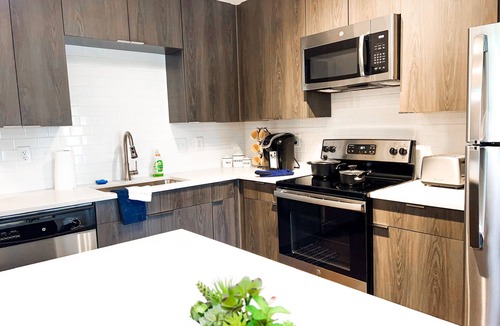 Madison Apartment | Comfortable King Bed Suite - Relaxing Long Stay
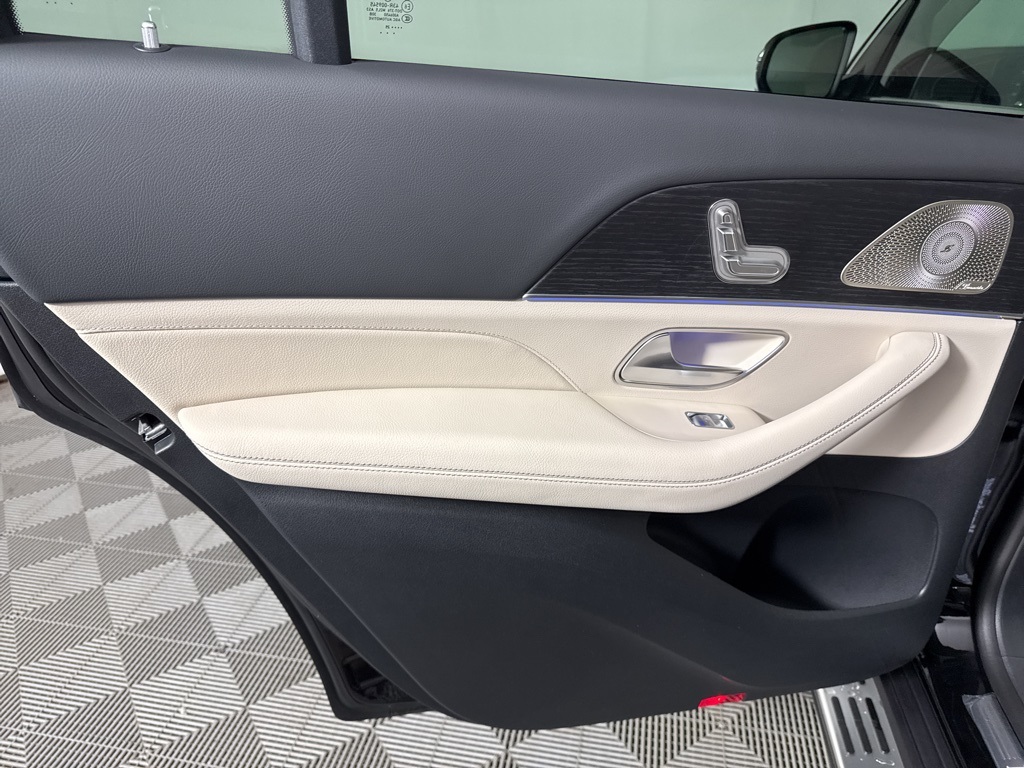 Vehicle image 23 of 34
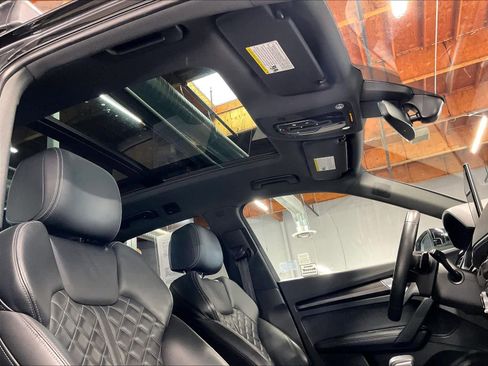 Used 2021 Audi SQ5 Premium Plus w/ Premium Plus Package AWD/4WD image 23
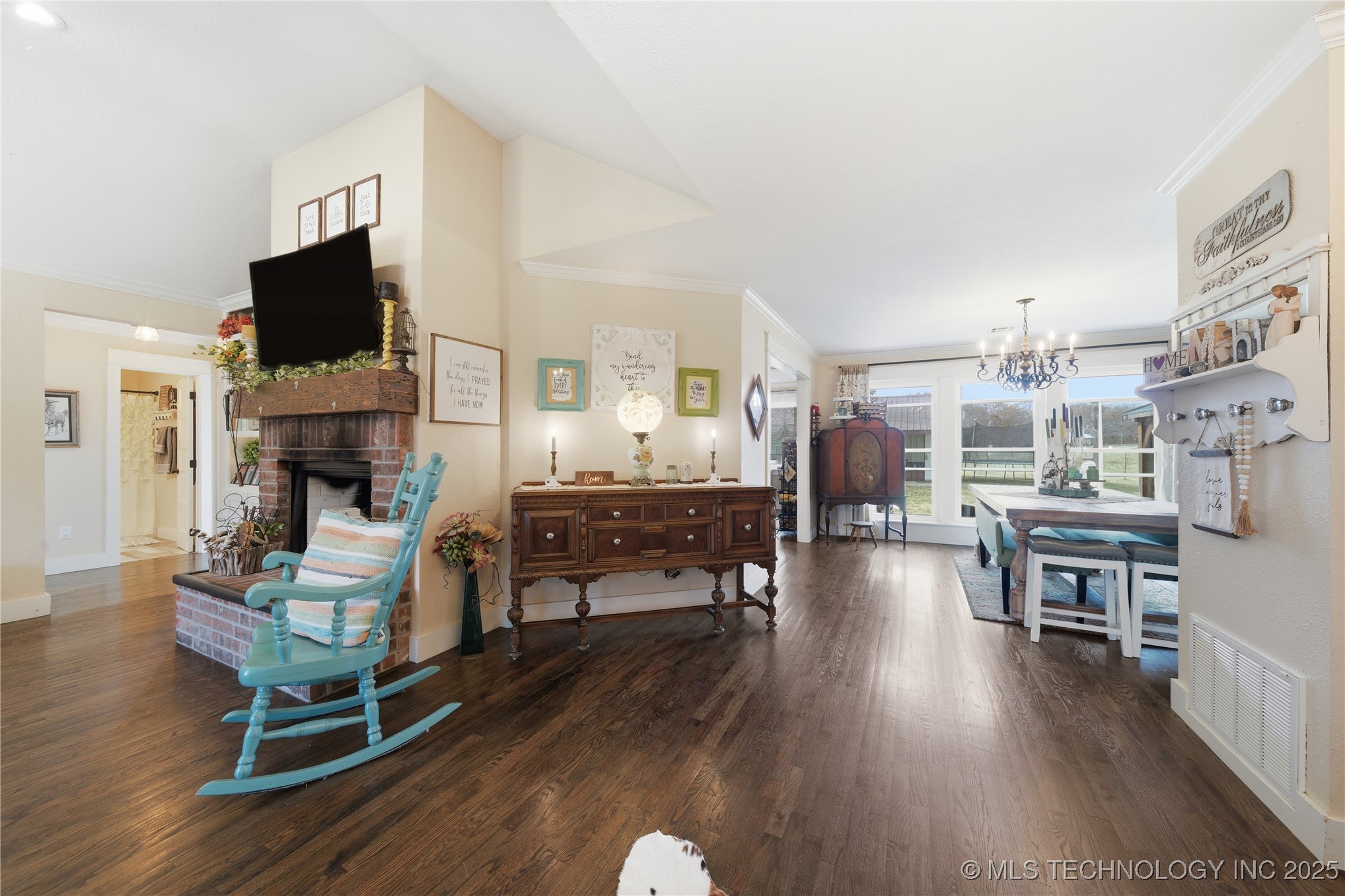 22358 N Javine Hill Road Property Photo 5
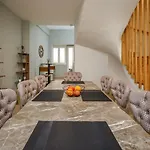 Central Art Maisonette By Estia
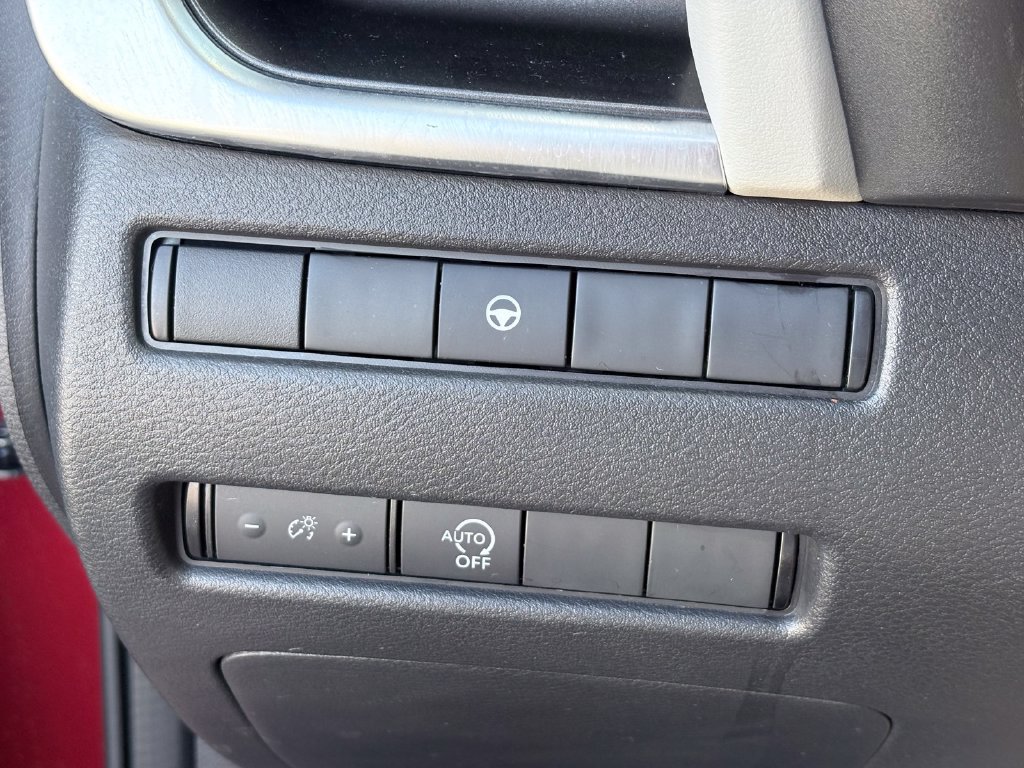 Used 2023 Nissan Rogue SV FWD image 23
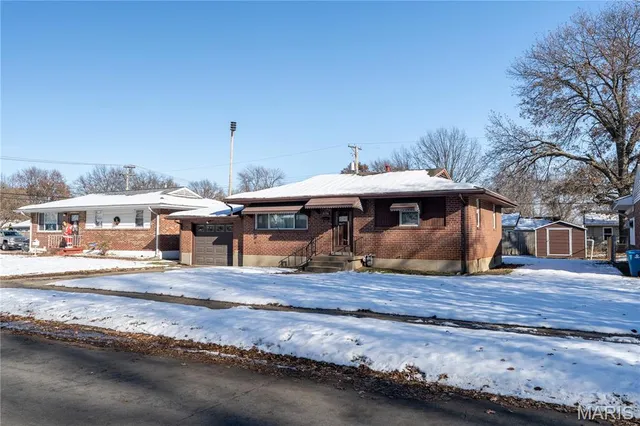 $99,900 | 3156 Davis Avenue, Granite City, IL 62040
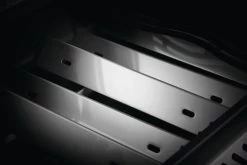 Napoleon Rogue XT 425 Gasgrill - All Black - Mit Sizzle Zone - Modell 2023 24 Napoleon Rogue XT 425 Gasgrill - All Black - Mit Sizzle Zone - Modell 2023 -Broil King Store napoleon rogue gasgrill brennerabdeackungen sear plates 1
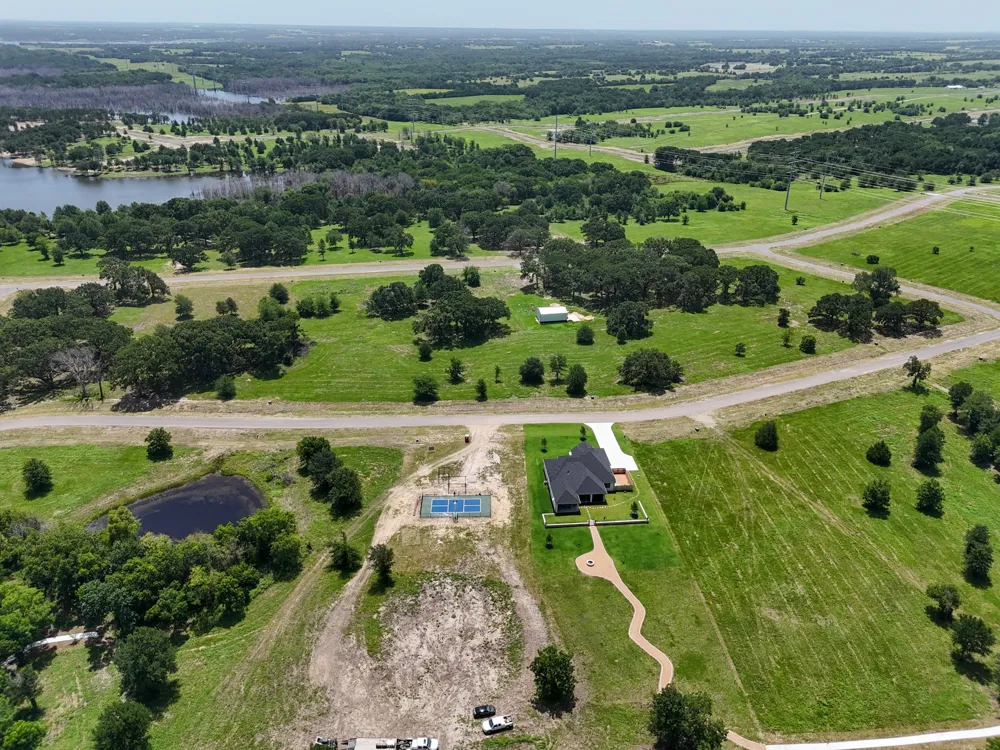 370 Shoreline Drive Dodd City, TX 75438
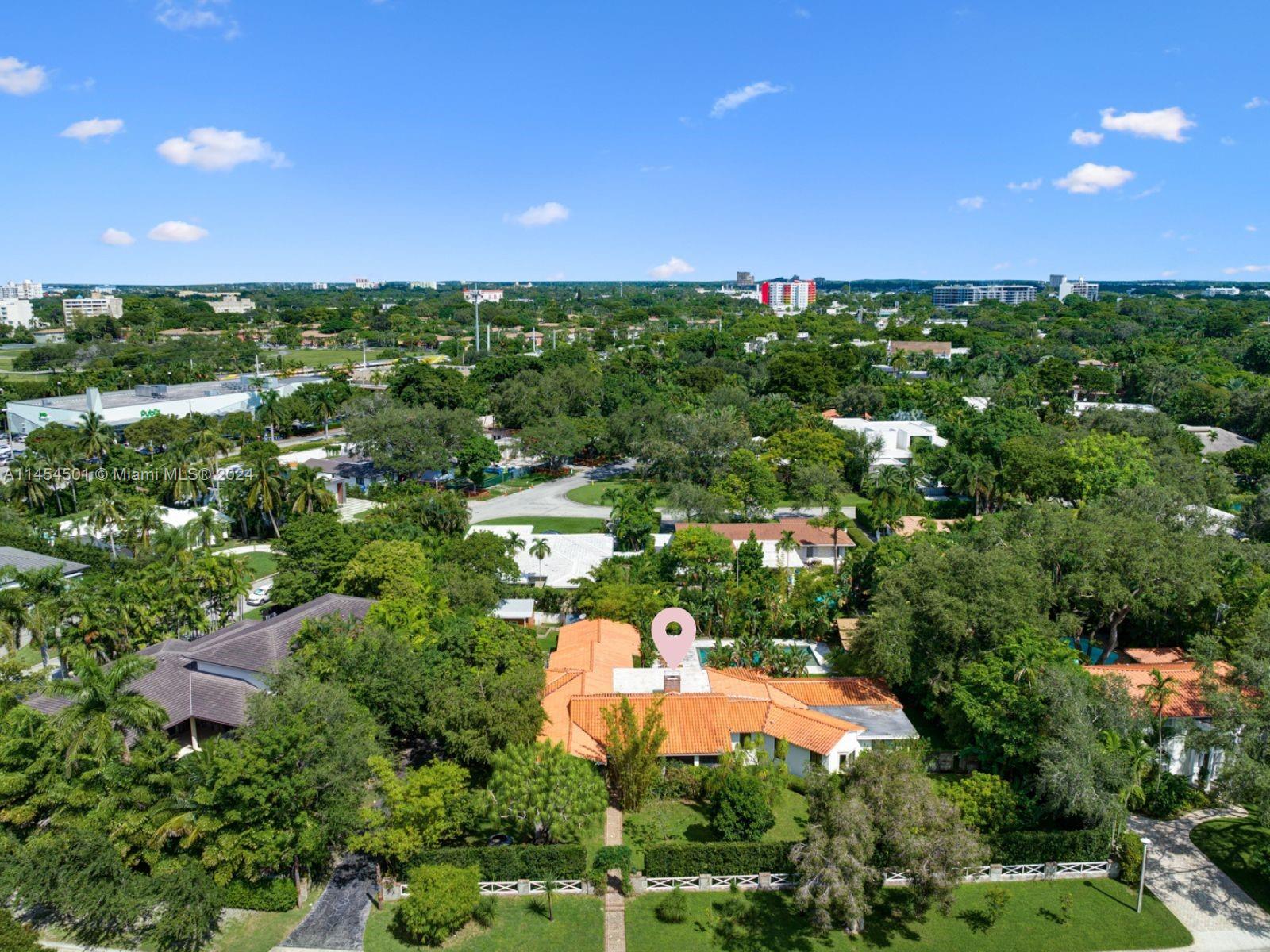 575 Hibiscus Ln, Miami, Florida 33137, 5 Bedrooms Bedrooms, ,5 BathroomsBathrooms,Residential,For Sale,575 Hibiscus Ln,A11454501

————————

Work instructions.
Print all the records exactly, minus any images.

Answer to this task.
 Madison Apartment | Comfortable King Bed Suite - Relaxing Long Stay
 Vehicle image 23 of 34
 Used 2021 Audi SQ5 Premium Plus w/ Premium Plus Package AWD/4WD image 23
 22358 N Javine Hill Road Property Photo 5
 Central Art Maisonette By Estia
 Used 2023 Nissan Rogue SV FWD image 23
 $99,900 | 3156 Davis Avenue, Granite City, IL 62040
 Napoleon Rogue XT 425 Gasgrill - All Black - Mit Sizzle Zone - Modell 2023 24 Napoleon Rogue XT 425 Gasgrill - All Black - Mit Sizzle Zone - Modell 2023 -Broil King Store napoleon rogue gasgrill brennerabdeackungen sear plates 1
 370 Shoreline Drive Dodd City, TX 75438
 575 Hibiscus Ln, Miami, Florida 33137, 5 Bedrooms Bedrooms, ,5 BathroomsBathrooms,Residential,For Sale,575 Hibiscus Ln,A11454501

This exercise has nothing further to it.